37. Shaving Cream Rain Clouds
Little learners love this weather experiment! Fill a large clear glass jar with water, then squirt some shaving cream on top to act as “clouds.” Add blue food coloring to a few tablespoons of water, then use a dropper to slowly drip it on top of the shaving cream. Watch as the colored water saturates the clouds, eventually becoming too heavy and falling just like rain!
38. Indoor Snow
You can find lots of recipes for “indoor snow” online. One of the easiest is a mix of baking soda and shaving cream—it actually feels cold to the touch! This is an especially fun activity for kids who live in places where snow isn’t common (or doesn’t fall at all).
39. Rainbow in a Cup
Make your very own rainbow and learn about liquid density too! This experiment takes a little patience and time, but it never fails to amaze.
40. Pine Cone Weather Station
Did you know pinecones can predict the weather? It’s true! Set some pinecones out and observe them. You’ll notice that they open up wider in dry weather, and close up their scales when rain is on the way. Fascinating!
ABCmouse Preschool Weather Games and Videos
Discover how rain, sunshine, snow, and clouds work with ABCmouse Preschool Weather Games and Videos designed just for preschoolers. Through interactive games and animated videos, children learn to identify different types of weather and understand how weather affects daily life.

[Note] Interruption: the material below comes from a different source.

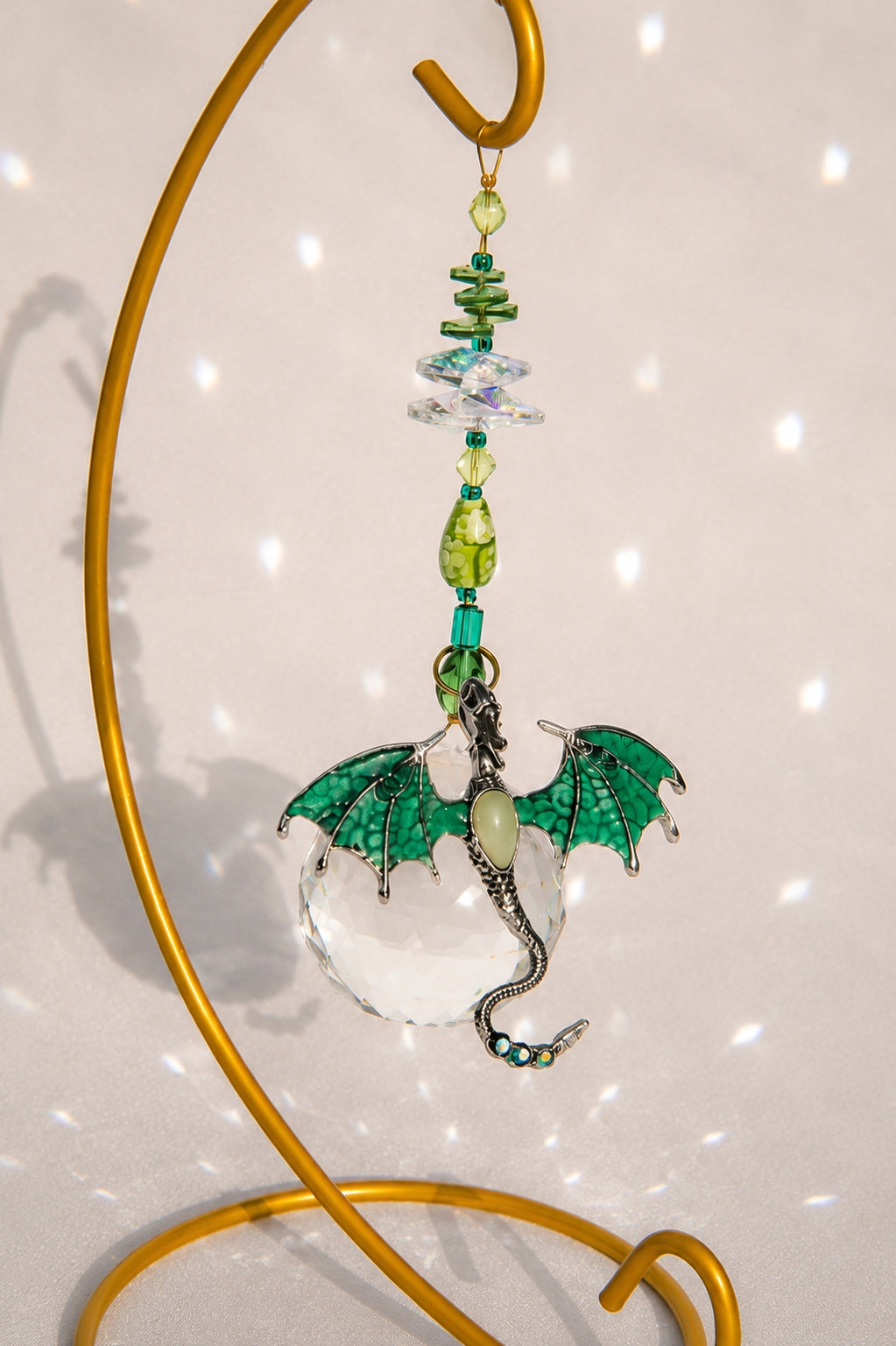 Emerald Green Glow-in-the-Dark Dragon Desktop Suncatcher – Handmade Crystal Rainbow Maker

41. Mixed Up Weather Gear Game
In this free-to-play online game, children will sort clothing and accessories into different chef’s bowls labeled with the seasons.

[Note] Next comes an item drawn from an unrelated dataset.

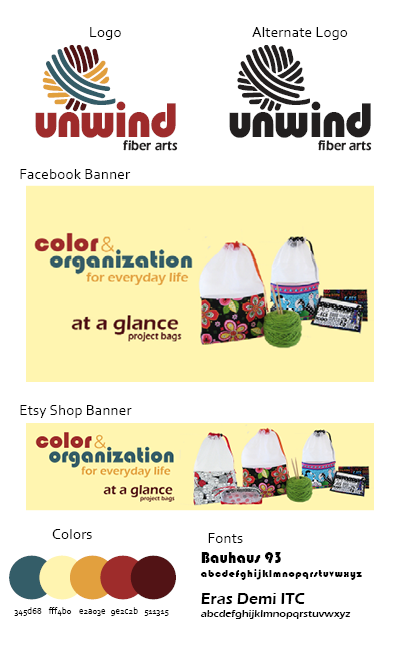 Unwind Fiber Arts Branding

42. What is the Weather Today
Sing along to this catchy song to learn about the different kinds of weather!
43. Rainbow Traceables: Fog
Get in some reading and vocabulary practice while playing this free online game. As kids trace the letters, they turn into rainbows!
44. Alice’s Monsters: Number Clouds
This free game is likely too advanced for preschoolers, but it’s great for older siblings. As they play, children will help Alice and her Monsters add three or four single-digit numbers.
45. Ivan’s Cloud Creator
This free game provides a fun way for kids to learn the names of different types of clouds. They’ll help Ivan upgrade his cloud creator by matching images of different types of clouds with their names.

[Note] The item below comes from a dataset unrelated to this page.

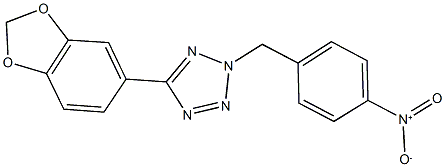 5-(1,3-benzodioxol-5-yl)-2-{4-nitrobenzyl}-2H-tetraazole Struktur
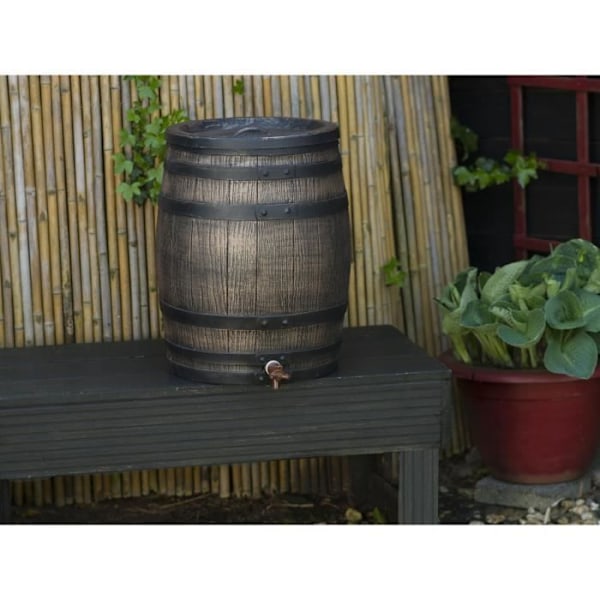 Fatformad vattenuppsamlare - NATURE - Rotationsgjuten PE - 50 liter - Tillbehör ingår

46. Weather Poetry Puzzle: Cloudy
Preschoolers can work on assembling this free online puzzle featuring a short poem. It’s a great brain game that also provides an opportunity for reading together.
47. Weather Poetry Puzzle: Rainy
Try another weather puzzle and read about the rain as you work together to solve it.
48. Weather Poetry Puzzle: Foggy
Learn more about the words “fog” and “foggy” in this digital weather puzzle for kids.
49. Splish Splash! Dance in the Rain
Need a brain break? Have fun dancing in the “rain” with this interactive video from ABCmouse.
50. Fact Match: The Sun
Play this online learning game to see what you know about the sun, and learn some amazing new facts.
51. A Jog in the Fog
In this cute rhyming story, kids will learn about fog and how it affects the world around you.
52. Ivan’s Weather Journal
Join Ivan in this online learning game to learn more advanced weather terms like atmosphere, thermometer, and more.
53. Violet’s Weather Rescue
Violet uses weather to help little learners manage big feelings. Watch the video, then try drawing pictures of weather and feelings with your child.